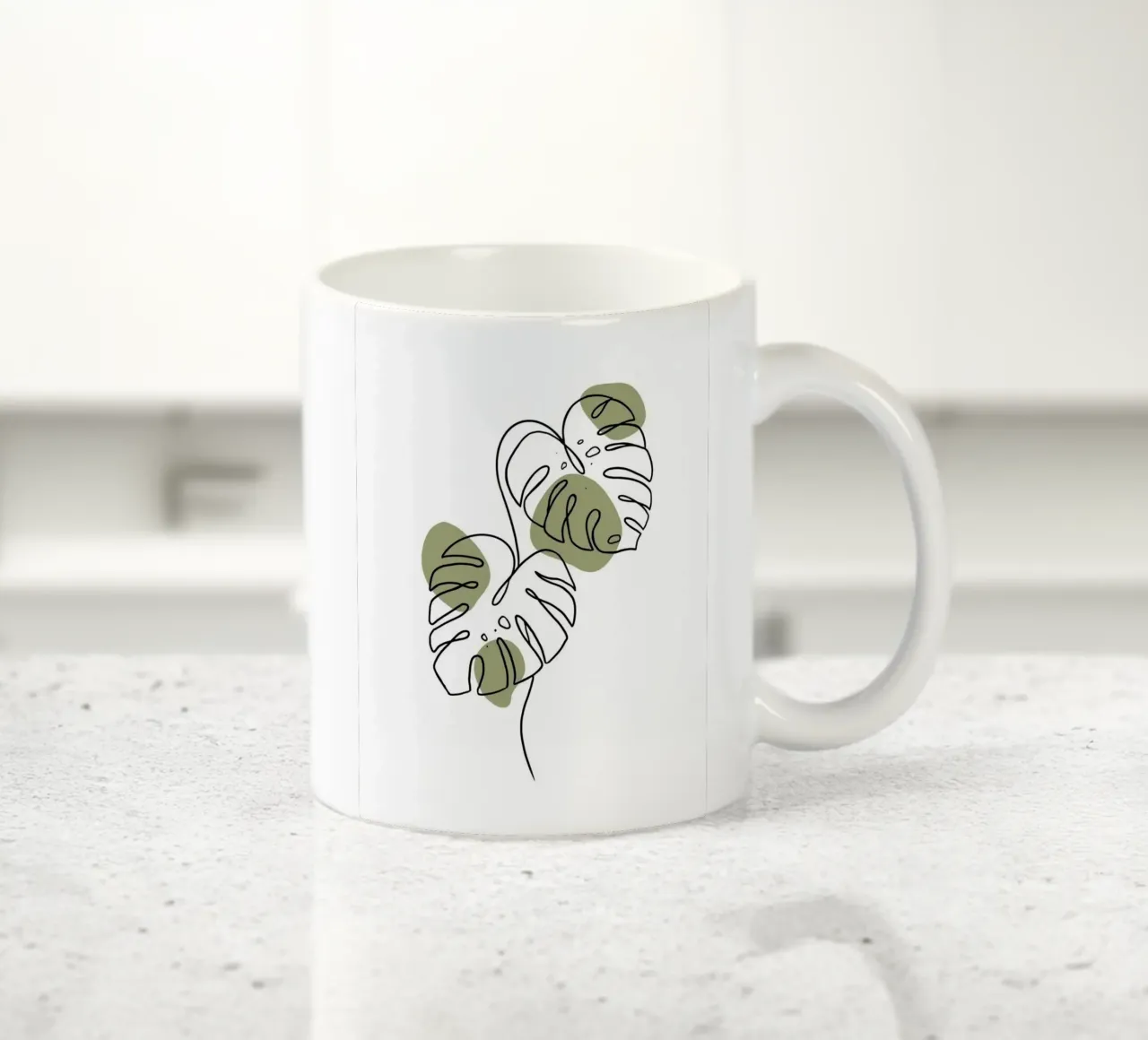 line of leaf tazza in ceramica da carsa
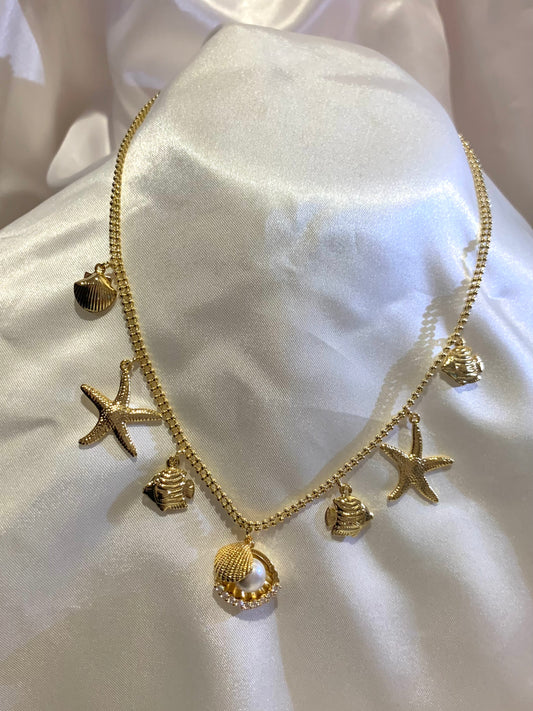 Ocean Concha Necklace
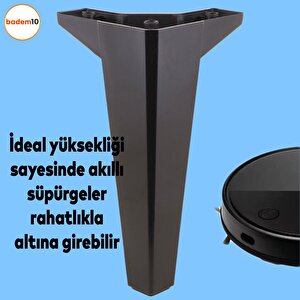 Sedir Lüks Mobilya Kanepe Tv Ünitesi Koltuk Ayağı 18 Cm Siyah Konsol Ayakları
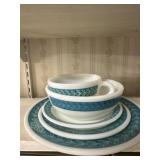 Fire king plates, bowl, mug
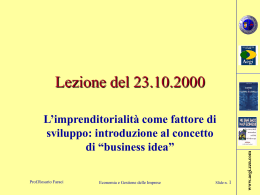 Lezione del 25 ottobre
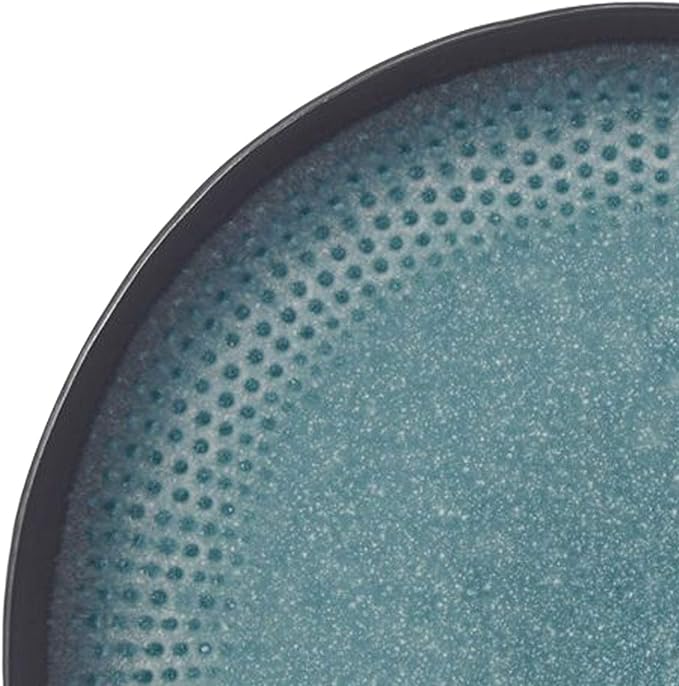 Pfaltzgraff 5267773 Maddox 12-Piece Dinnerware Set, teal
...
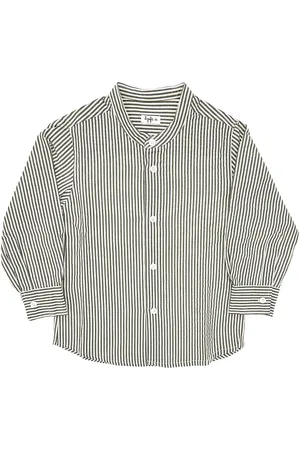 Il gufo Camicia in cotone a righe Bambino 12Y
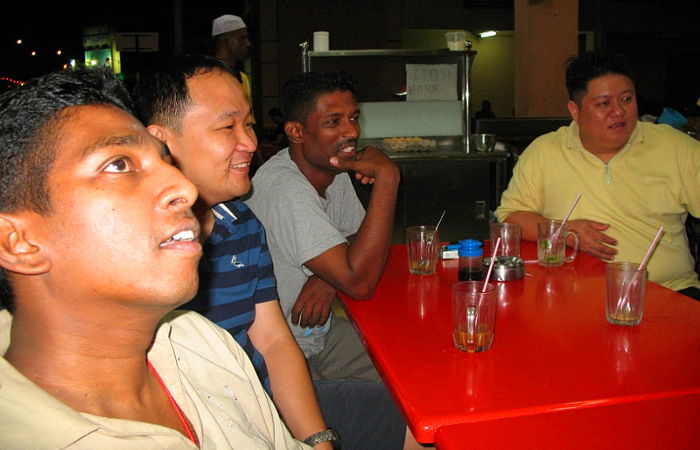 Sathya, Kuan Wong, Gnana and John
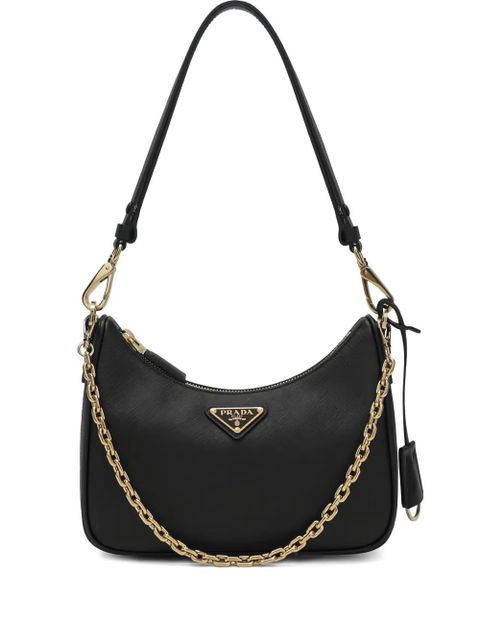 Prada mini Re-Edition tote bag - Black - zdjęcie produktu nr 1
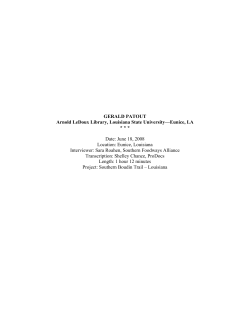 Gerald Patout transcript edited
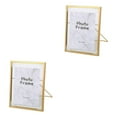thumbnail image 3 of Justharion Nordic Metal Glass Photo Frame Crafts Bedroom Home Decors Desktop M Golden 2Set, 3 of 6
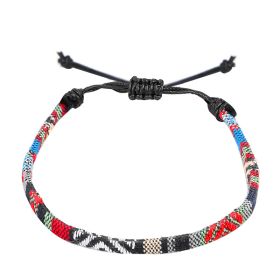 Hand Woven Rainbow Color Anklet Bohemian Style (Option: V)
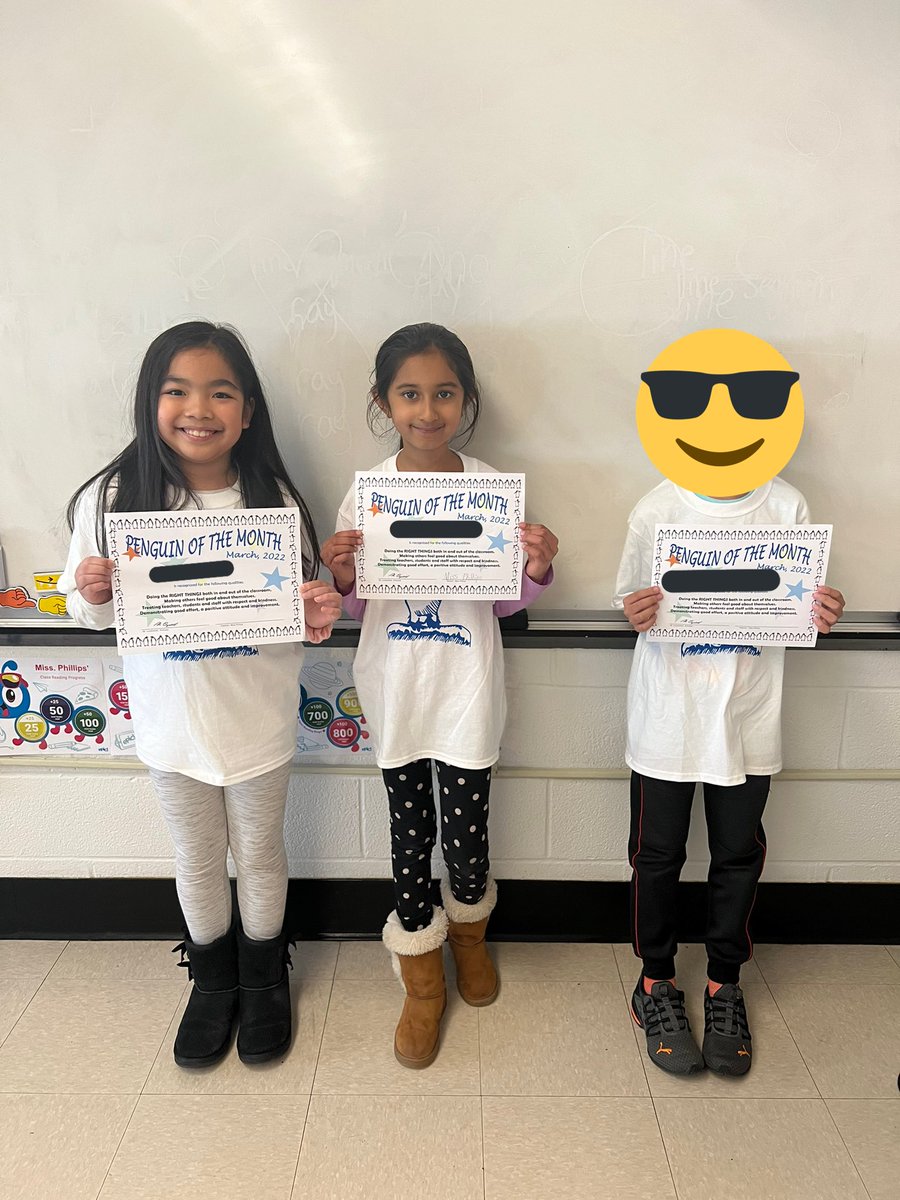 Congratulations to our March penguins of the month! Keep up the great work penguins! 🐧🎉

ASSIGNED TASK: Of the lines above, quote exactly those from the one with "Hand Woven Rainbow" through the one with "Congratulations to our", ends included; pictures stay out.

EXPECTED ANSWER:
 Hand Woven Rainbow Color Anklet Bohemian Style (Option: V)
 Congratulations to our March penguins of the month! Keep up the great work penguins! 🐧🎉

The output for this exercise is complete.